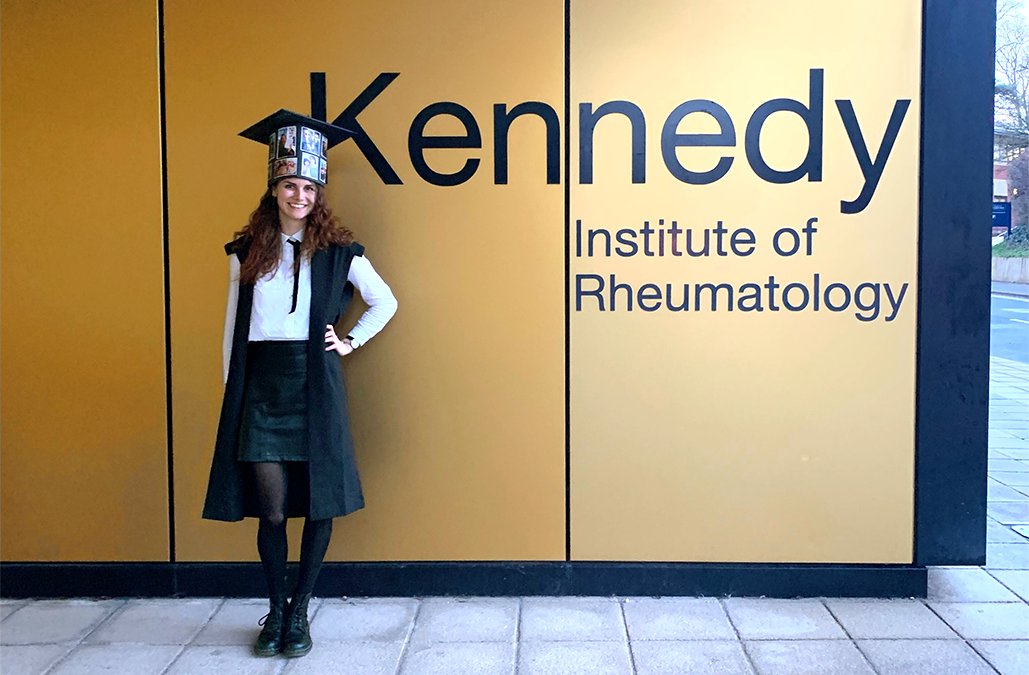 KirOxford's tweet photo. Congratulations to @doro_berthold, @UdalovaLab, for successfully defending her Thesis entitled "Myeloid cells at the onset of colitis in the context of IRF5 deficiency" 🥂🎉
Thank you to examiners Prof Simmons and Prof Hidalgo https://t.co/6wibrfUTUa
● ● ● ●
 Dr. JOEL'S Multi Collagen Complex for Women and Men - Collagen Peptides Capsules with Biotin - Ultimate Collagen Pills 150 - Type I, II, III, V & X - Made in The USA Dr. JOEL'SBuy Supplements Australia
● ● ● ●
• TASK INSTRUCTIONS: Above are the records; restate exactly the lines from the one containing "KirOxford's tweet photo." through the one containing "Thank you to", keeping pictures out.

• RESULT FOR THIS EXERCISE:
 KirOxford's tweet photo. Congratulations to @doro_berthold, @UdalovaLab, for successfully defending her Thesis entitled "Myeloid cells at the onset of colitis in the context of IRF5 deficiency" 🥂🎉
Thank you to examiners Prof Simmons and Prof Hidalgo https://t.co/6wibrfUTUa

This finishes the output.